Dat den suppliant voornemens zijnde voor zijn bedrijf een schuur te doen bouwen op zijn Erve naast zijn Huis op de Markt L.B. no 29
Dat hij genegen zoude zijn om dezelve op een regte lijn te trekken op en aan de muur van Zijn Erve grensende aan de Noordstraat en komende zeer digt bij het Wagenhuis van zijn moeder de weduwe I.Marteijn.
Dat om dat oogmerk te bereiken den suppliant ter zijde van zijn huis op de markt zoude moeten uitspringen 10 à 11 voet in eene schuinsche afnemende rigting van een terrein van circa twee Roeden tot aan genoemde regte muur bij en aan de Noordstraat hier voren gemeld
En daar den suppliant daar toe is noodig hebbende Uwe Achtbare toestemming .
Zo wend hij suppliant zich tot UwAchtbare Eerbiedig verzoekende dat het Uwe Achtbare mogt behagen het voormelde uitspringen en inneemen van dat gedeelte Stadsgrond gunstig te accorderen.
’t Welk doende Johannis Schets.
Aan de Heeren Burgemeesters, Schouten, Predikanten, pastoors enz in de Provincie Zeeland.
Mijne Heeren
Ik neem de vrijheid UED. Uit te noodigen, om uwe onderhoorigen en gemeenten mijne aankomst bekend te maken, die wezen zal den 21 dezer, in het Heeren Logement van Oranje te Middelburg, alwaar ik echte niet lang zal blijven; zoo dat de blinde lieden,of diegenen, welke met oog-kwalen bezocht zijn en mijnen bijstand noodig hebben, verzocht worden zich zonder tijdverlies aan te bieden.

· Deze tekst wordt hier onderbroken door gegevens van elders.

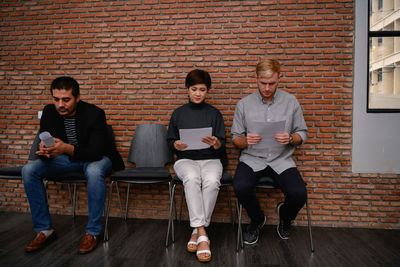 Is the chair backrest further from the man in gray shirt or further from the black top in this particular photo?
the man in gray shirt

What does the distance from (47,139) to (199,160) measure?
140cm

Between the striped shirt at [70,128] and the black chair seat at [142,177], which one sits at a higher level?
the striped shirt at [70,128]

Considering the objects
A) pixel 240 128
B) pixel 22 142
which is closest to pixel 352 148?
pixel 240 128

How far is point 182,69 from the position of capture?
3055 mm

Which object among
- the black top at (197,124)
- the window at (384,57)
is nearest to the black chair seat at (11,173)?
the black top at (197,124)

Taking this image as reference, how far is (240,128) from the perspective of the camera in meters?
2.57

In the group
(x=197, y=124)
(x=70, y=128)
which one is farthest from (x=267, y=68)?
(x=70, y=128)

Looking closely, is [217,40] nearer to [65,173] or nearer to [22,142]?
[65,173]

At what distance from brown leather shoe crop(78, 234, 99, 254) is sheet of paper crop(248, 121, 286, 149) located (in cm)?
177

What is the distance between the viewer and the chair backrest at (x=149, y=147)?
2.95 m

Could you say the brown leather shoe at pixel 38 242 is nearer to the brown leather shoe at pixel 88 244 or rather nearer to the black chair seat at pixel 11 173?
the brown leather shoe at pixel 88 244

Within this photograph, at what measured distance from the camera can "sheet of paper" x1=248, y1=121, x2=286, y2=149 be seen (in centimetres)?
228

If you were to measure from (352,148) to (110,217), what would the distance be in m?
3.04

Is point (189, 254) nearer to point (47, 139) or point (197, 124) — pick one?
point (197, 124)
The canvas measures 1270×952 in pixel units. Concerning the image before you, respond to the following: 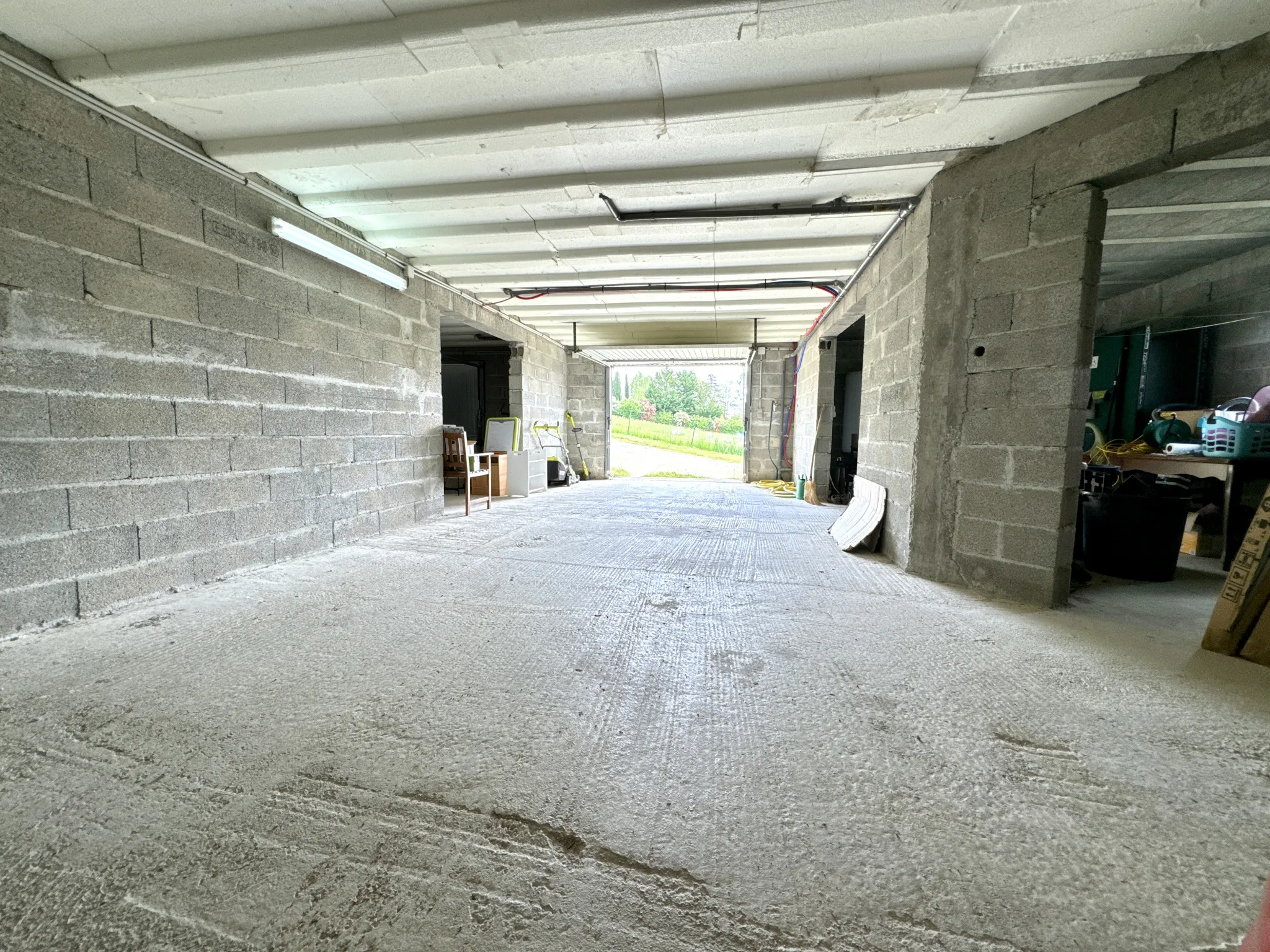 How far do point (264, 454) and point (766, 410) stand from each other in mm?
6677

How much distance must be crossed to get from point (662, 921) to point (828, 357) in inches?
227

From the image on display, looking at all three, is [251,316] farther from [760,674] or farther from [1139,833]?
[1139,833]

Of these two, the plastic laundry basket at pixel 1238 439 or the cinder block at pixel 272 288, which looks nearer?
the cinder block at pixel 272 288

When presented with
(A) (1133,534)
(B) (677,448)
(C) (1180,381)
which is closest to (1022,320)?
(A) (1133,534)

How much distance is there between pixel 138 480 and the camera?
2.14 meters

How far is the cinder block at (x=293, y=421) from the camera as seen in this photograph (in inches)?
109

Ik verzoek u,, Mijne Heeren, dit te willen aankondigen
LUSARDI, Oog-Arts.
PUBLICATIE
Zijne Excie den Minister voor het Publiek Onderwijs, de Nationale Nijverheid en de Koloniën besluit eene Vee-Artsenij School in de nabijheid der Stad Utrecht te stichten. Ook in Zeeland zou daarvoor “toelatingsexamen”gedaan kunnen worden.
Opening: den aanstaande Winter.
Er kan gestudeerd worden voor rekening van het fonds van den Landbouw
Leeftijd: boven 16 en onder de 22 jaar.
Kennis van vreemde talen, van hoefsmederij of van Vee-Artsenijkunde
Leertijd: 4 jaren
Mogelijkheid om in de 1e of 2e klasse gebrevetteerd te worden om binnen dit Rijk Vee-Artsenijkunde uit te oefenen
Vergelijkend examen voor aspirant-kwekelingen ten einde daaruit een keuze te kunnen maken.
Op maandag 17 September aanstaande: dit examen in een der lokalen van het Gouvernement
Handtekeningen van
Ermerins, Steengracht, van Deinse Pous Risseuw Hinlopen
Lantain< die is Vee-Arts der 1e Klasse.
18 Augustus 1821
Van Doorn
PUBLICATIE
De Bakkers winsten in de steden Middelburg etc. voor het grof Tarwenbrood op twee Guldens en zestig Cents, en voor het Roggebrood op twee Guldens en tien Cents zullen worden verminderd. Etc.